I am trying to analyse this data, in order to try to estimate the percentage of tickets that can be sold for an event (events, based on venue will have different capacity). I have two covariates which are artistRating and artistVotes, and two factor variables paintingTitle and artistName with 1059 and 286 levels respectively, along with a timestamp.
> str(bob_new)
'data.frame': 4078 obs. of 8 variables:
$ ticketCount : int 9 10 15 21 17 24 19 19 15 16 ...
$ ticketsRemain: int 21 10 21 13 0 1 6 21 15 4 ...
$ artistRating : num 4.38 4.23 4.57 4.35 4.32 4.48 4.32 4.42 4.55 4.32 ...
$ artistVotes : int 616 401 481 100 113 657 157 350 406 33 ...
$ artistName : Factor w/ 286 levels "Abbi Macfarlane",..: 254 191 277 65 212 200 75 9 188 211 ...
$ paintingTitle: Factor w/ 1059 levels "\"Baby, it's cold outside\" - Brown Wash Rustic Wooden Sign",..: 1013 745 958 473 725 40 521 472 992 1013 ...
$ date : Date, format: "2016-12-01" "2016-12-01" "2016-12-01" "2016-12-01" ...
$ percent : num 0.3 0.5 0.417 0.618 1 ...
> head(bob_new)
ticketCount ticketsRemain artistRating artistVotes artistName paintingTitle date percent
1 9 21 4.38 616 Stella Mandrak-Pagani #TeamAjaz Winter OWL in snow 2016-12-01 0.3000000
2 10 10 4.23 401 Meg Burns Simi Cherry Blossoms 2016-12-01 0.5000000
3 15 21 4.57 481 Veronica Stach Where the Wild Things Are 2016-12-01 0.4166667
4 21 13 4.35 100 Christine "Chri" Lee Lust in the Wind 2016-12-01 0.6176471
5 17 0 4.32 113 Nicole Pinder #TeamAjaz Seagull Beach 2016-12-01 1.0000000
6 24 1 4.48 657 Monique Ra Brent Aurora on the River 2016-12-01 0.9600000
What would be an intelligent way to approach this task? I found a package :prophet https://facebookincubator.github.io/prophet/ Which allows for an analysis of the time series, it seems to me however that it has one major weakness, that it does not allow for the inclusion of other variables, however with the advantage that it can "understand" seasonality, which in this case does seem relevant.

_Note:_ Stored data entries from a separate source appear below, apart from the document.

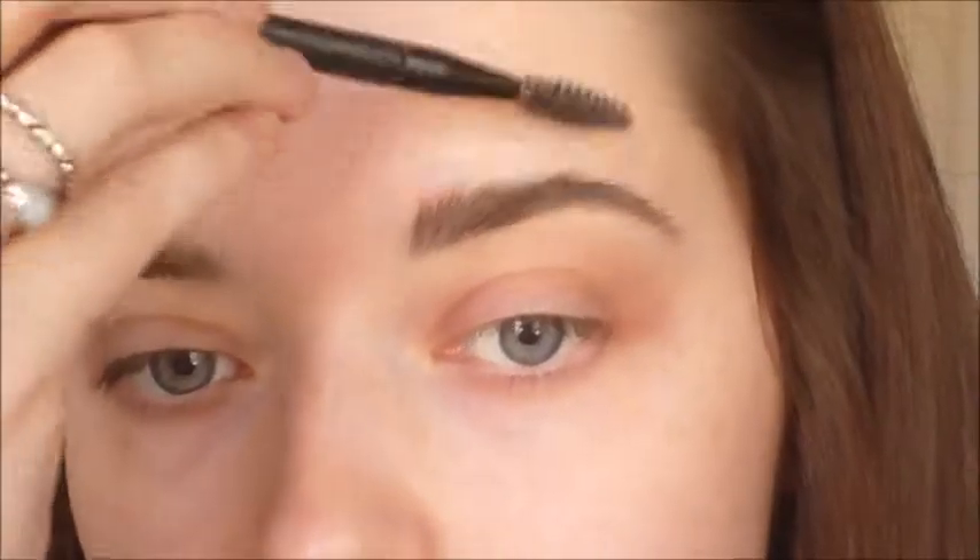At this point I tend to go back to the first point of the eyebrow and turn the brush upwards, flicking the angle of the brush upwards so it gives a more defined fluffy look at the front and then a more sleek look towards the end of the tail. Then I just brush through my eyebrow hairs again, making sure that I'm happy with how everything is looking.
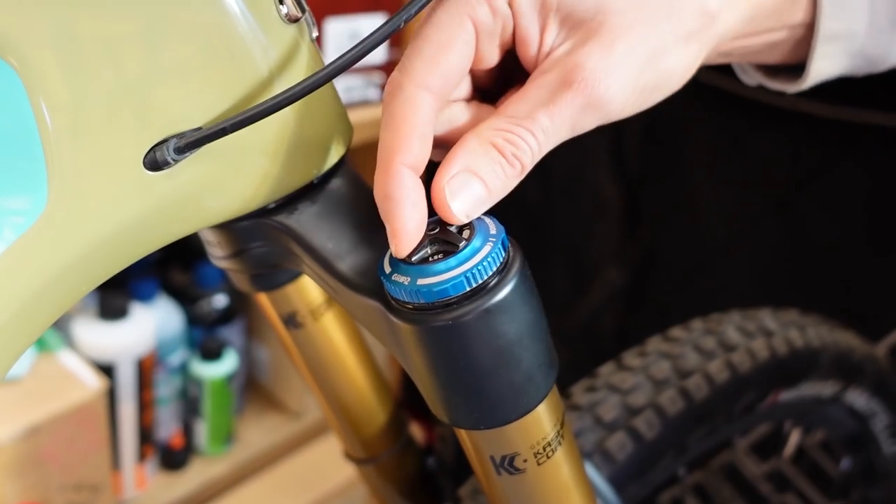Too harsh could also be not enough small bump compliance. Assuming you have a fork with a low speed compression adjustment, if you've turned your rebound both ways and it's not changing what you're feeling, try a low speed adjustment. Decrease the amount of low speed compression — opening that up a couple clicks makes it easier for your fork to respond and compress to smaller bumps. If you don't have compression settings, don't worry about that, but do check that your lockout is not on. We've all been there.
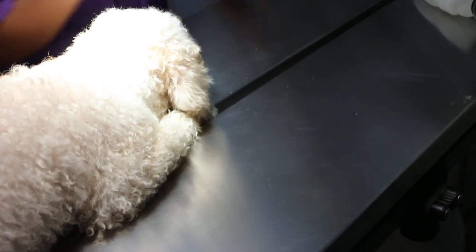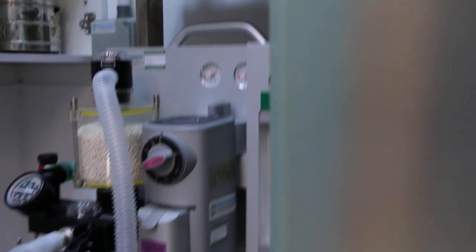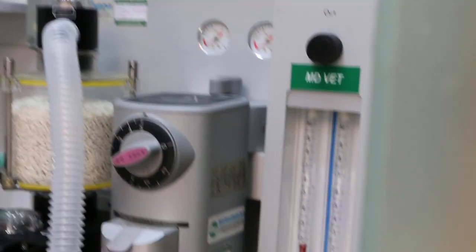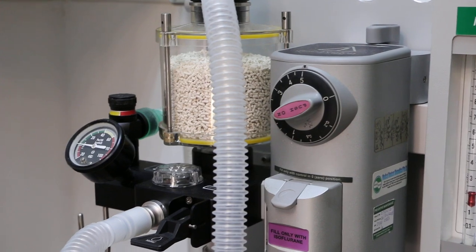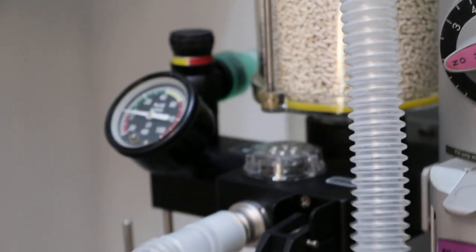It's about 2 minutes already. The dog is quite dull. Gas at 5%. The circuit is semi-open or closed. Normally the flow rate should be 2 — so it's on half-open circuit. The pressure is there.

I have done a few manipulations see: Poisson regression with strong pattern in residuals
However I do not manage to obtain convincing models as the data is very clustered:
What would be recommendations that you would have as to what type of models I could use in order to be able to make predictions? I am still a novice in data analysis (still undergrad), so I have had exposure to a variety of glm but never thorough applications.
I would appreciate any reference and advice!
EDIT: this seems like it would be relevant : Building a linear model for a ratio vs. percentage?